Homework 4
Project Work
You will be working on your project throughout the week via our class activities, but there is nothing to submit for HW4.
Portfolio Work
Deliverables: Continue writing your responses in the same Google Doc that you set up for Homework 1.
Organization: On the left side of your Google Doc (in the gray area beneath the menu bar), there is a gray icon–click this to show the section headers. Write your responses under these section headers.
Note: Some prompts below may seem very open-ended. This is intentional. Crafting good responses requires looking back through our material to organize the concepts in a coherent, thematic way, which is extremely useful for your learning. Remember that writing is a superpower that we are intentionally honing this semester.
Revisions: (REQUIRED)
- Make revisions to previous concepts based on the “STAT 253 (Instructor Reflections)” document shared with you.
- Important formatting note: Please use a comment to mark the text that you want to be reread. (Highlight each span of text you want to be reread, and mark it with the comment “REVISION”.)
- Rubrics to past homework assignments will be available on Moodle (under the Solutions section). Look at these rubrics to guide your revisions. You can always ask for guidance on Slack and in drop-in hours.
New concepts to address:
Decision trees:
Algorithmic understanding:
- Consider a dataset with two predictors:
x1
is categorical with levels A, B, or C.x2
is quantitative with integer values from 1 to 100. How many different splits must be considered when recursive binary splitting attempts to make a split? Explain. (2 sentences max.) - Explain the “recursive”, “binary”, and “splitting” parts of the recursive binary splitting algorithm. Make sure to discuss the concept of node (im)purity and how it is measured for classification and regression trees.
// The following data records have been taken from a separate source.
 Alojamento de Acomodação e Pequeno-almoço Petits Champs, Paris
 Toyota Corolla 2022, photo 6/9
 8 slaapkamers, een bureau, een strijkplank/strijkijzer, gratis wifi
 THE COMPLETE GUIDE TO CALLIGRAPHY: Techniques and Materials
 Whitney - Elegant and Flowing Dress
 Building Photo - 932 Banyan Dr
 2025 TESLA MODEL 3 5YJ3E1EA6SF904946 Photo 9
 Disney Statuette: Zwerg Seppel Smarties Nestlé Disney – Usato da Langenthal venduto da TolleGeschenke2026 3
- Consider a dataset with two predictors:
Bias-variance tradeoff: What tuning parameters control the performance of the method? How do low/high values of the tuning parameters relate to bias and variance of the learned model? (3 sentences max.)
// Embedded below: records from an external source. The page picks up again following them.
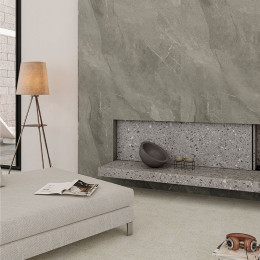 Panel SPC Riven Slate: textura de pizarra natural con tonos grises elegantes.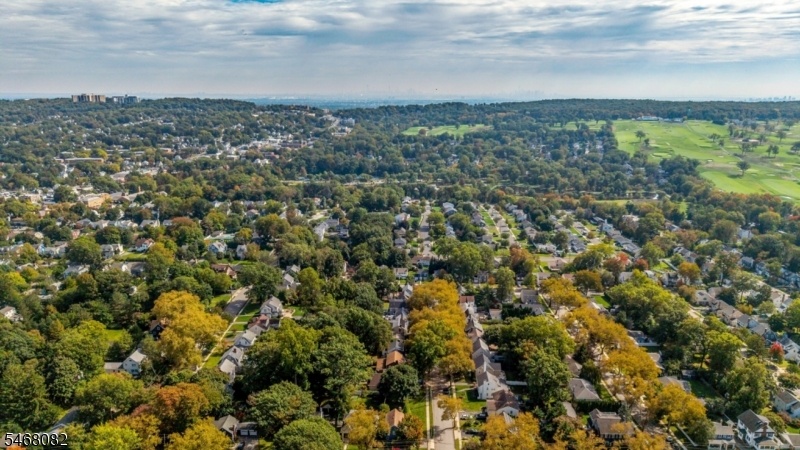 Close to NYC Transit Options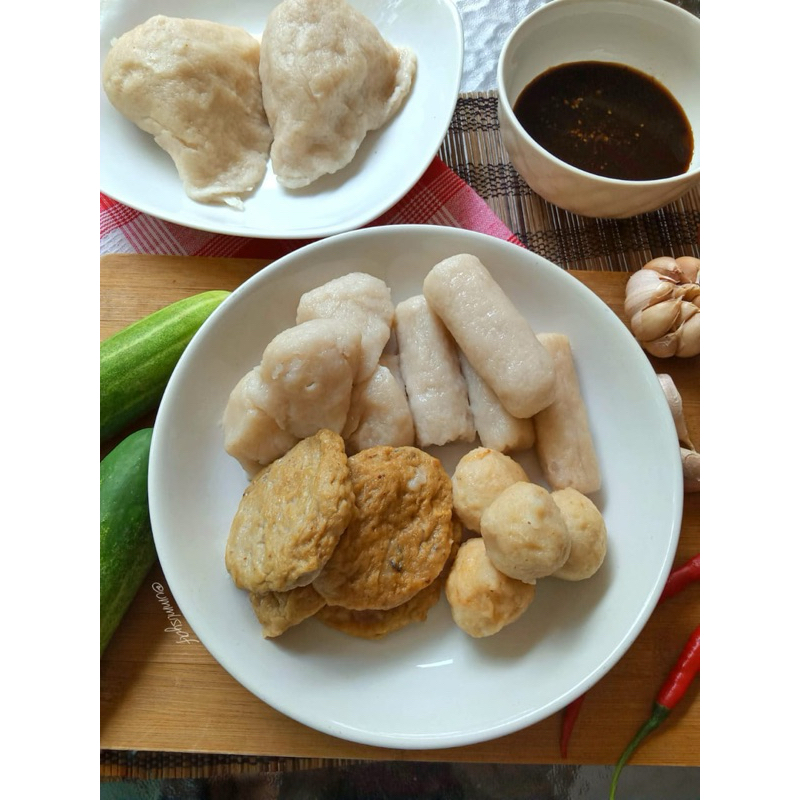 

PEMPEK PALEMBANG IKAN KAKAP SUPER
Parametric / nonparametric: Where (roughly) does this method fall on the parametric-nonparametric spectrum, and why? (3 sentences max.)
Scaling of variables: Does the scale on which variables are measured matter for the performance of this algorithm? Why or why not? If scale does matter, how should this be addressed when using this method? (3 sentences max.)
Computational time: Recursive binary splitting does not find the overall optimal sequence of splits for a tree. What type of behavior is this? What method have we seen before that also exhibits this type of behavior? Briefly explain the parallels between these methods and what implications this have for computational time. (5 sentences max.)
Interpretation of output: Explain the rationale behind the variable importance measures that decision trees provide. (4 sentences max.)
Data Ethics: Read the article How to Support your Data Interpretations. Write a short (roughly 250 words), thoughtful response about the ideas that the article brings forth. Which pillar(s) do you think is/are hardest to do well for groups that rely on data analytics, and why?